Remember that prior to the Great Recession job growth was strong everywhere in the EU. Yet few countries saw dramatic drops in poverty. In more than one instance poverty went up.
Two big reasons why jobs are not enough
First, many of the poor live in households where no adult has a job. Such “jobless households” often face severe financial hardship, including any children. In the past, employment growth never produced anywhere near commensurate drops in household jobless rates. Instead it tended to boost the number of double- or multi-earner households. As a consequence, job growth has tended to result in rising living standards around and above the middle, but not in the lower segments of the distribution, increasing the gap between the poor and the rest.
Figure: More people in work does not mean fewer people in poverty
A second reason why more people in work does not automatically bring less poverty is that getting a job may not be enough for a household to escape poverty. Long considered a typically American phenomenon, there is now ample evidence that the “working poor” are to be found in significant numbers in every European country. There is an important overlap with child poverty. In some European countries, about half of children growing up in poverty have at least one working parent.
What does all this mean? It means that there is no room for complacency. There are no excuses for inaction, if the goal of reducing poverty is to be taken for real.
Of course, jobs are important. People do have better chances for progressing in life when they have jobs, even if they see little immediate improvement in living standards.
That said, while efforts to move people into jobs is crucial, the reality is also that many of them will not. That is my core message. The past has taught us that is not the poor who benefit most from economic expansions and buoyant job markets – it is the already well-off.
Repairing the net
Mending and lifting social safety nets ought to be a bigger priority throughout Europe. Minimum income protections for people of working age have become increasingly inadequate. A small number of countries have taken extra steps to increase protection levels but guaranteed minimum incomes still fall well short of decency levels just about everywhere (see here).
Moreover, and at the same time, there is a need to expand income support to working households. The core of the working poor in Europe are single person households with dependent children (see here).
Maintaining minimum wages at levels at which they do not harm employment is important but there are limits to what can be expected here. Minimum wages have become inherently constrained in securing decent living standards for sole earners in an era in which dual earner living standards set the tone.
For low-earning households, only direct household income supplements can offer a reasonable prospect to a poverty-free existence, especially when there are dependent children. One option is Anglo-Saxon-type “tax credits” which support households on low earnings through the personal tax system (see here). But these are not easy to implement everywhere, especially now that countries are moving away from joint taxation. Also, in order to be effective as an anti-poverty device and remain affordable, such tax credits need to be strictly targeted. But that implies serious disincentives for beneficiaries to increase working hours, to move to better paid jobs or to bargain for more pay. And tax credits have serious issues of non-take-up and timeliness (see here).

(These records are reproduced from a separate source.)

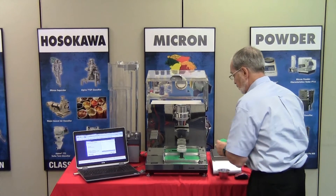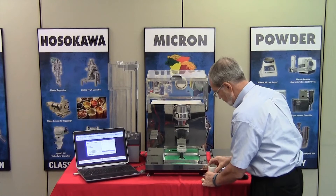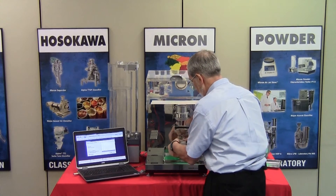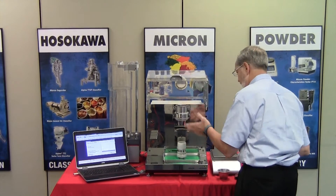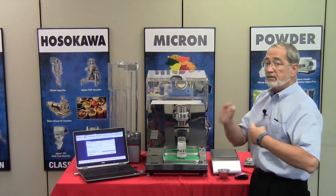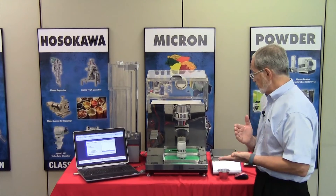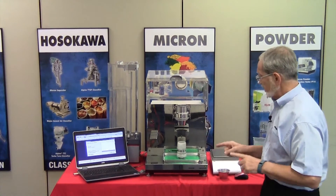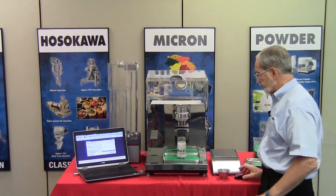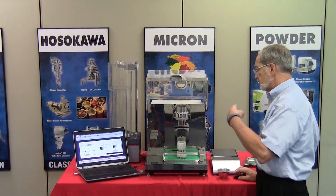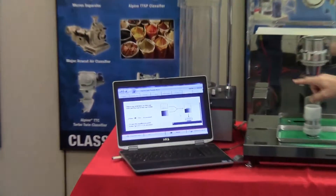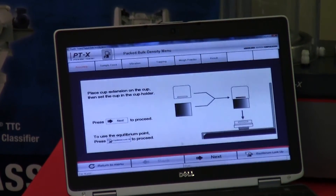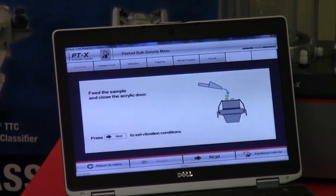To proceed, we place the cup extension on the cup. There's no need to refill the cup; however, the software will advance to that point because we're going to tap the sample. There are two ways of filling the cup. Pressing next advances, and as indicated we put the cup extension on, press next, and it takes us to the feeding option. You can either feed through the instrument as before, or manually feed it.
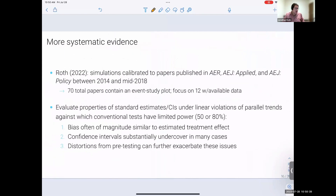Of course, that was just one paper. In my AER Insights paper, I have broad simulations and power calculations calibrated to a large sample of papers in AER and AEJ journals, and it turns out these issues of low power against violations of parallel trends that could be very problematic relative to the magnitude of the coefficients estimated are not specific to He and Wong — it's a broader issue in this literature. I won't have time to go through all the specifics today, but if you're interested you can take a look at that paper.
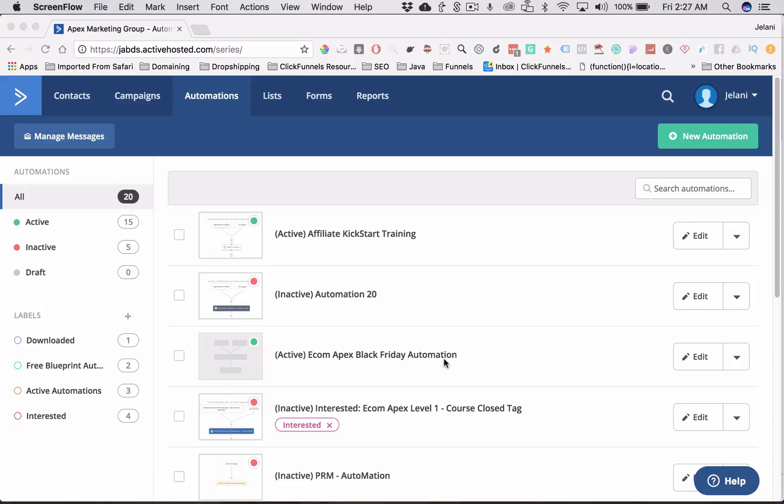This is the way I do it, so you're going to learn exactly how I do it. So what we're going to do is you're going to go to your ActiveCampaign account. And the first thing you want to do is you want to make a list.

By contrast, more universal income supplements, such as child benefits, can have an immediate impact on poverty among working and non-working parents alike without adversely affecting employment incentives. But for such benefits to be effective as an anti-poverty device they need to be substantial, which inevitably comes at a cost. A good compromise could be to have universal child benefits as a first layer of income support and to put in place supplements for specific segments at particularly high risk of poverty, e.g. lone parents.
In conclusion: it is time to remind Europe’s politicians of the promises they made to bring poverty down. They seem to think that Europe’s buoyant labour markets will do the job. They will not. It is time for politicians themselves to get down to some meaningful work if they take their own promises seriously.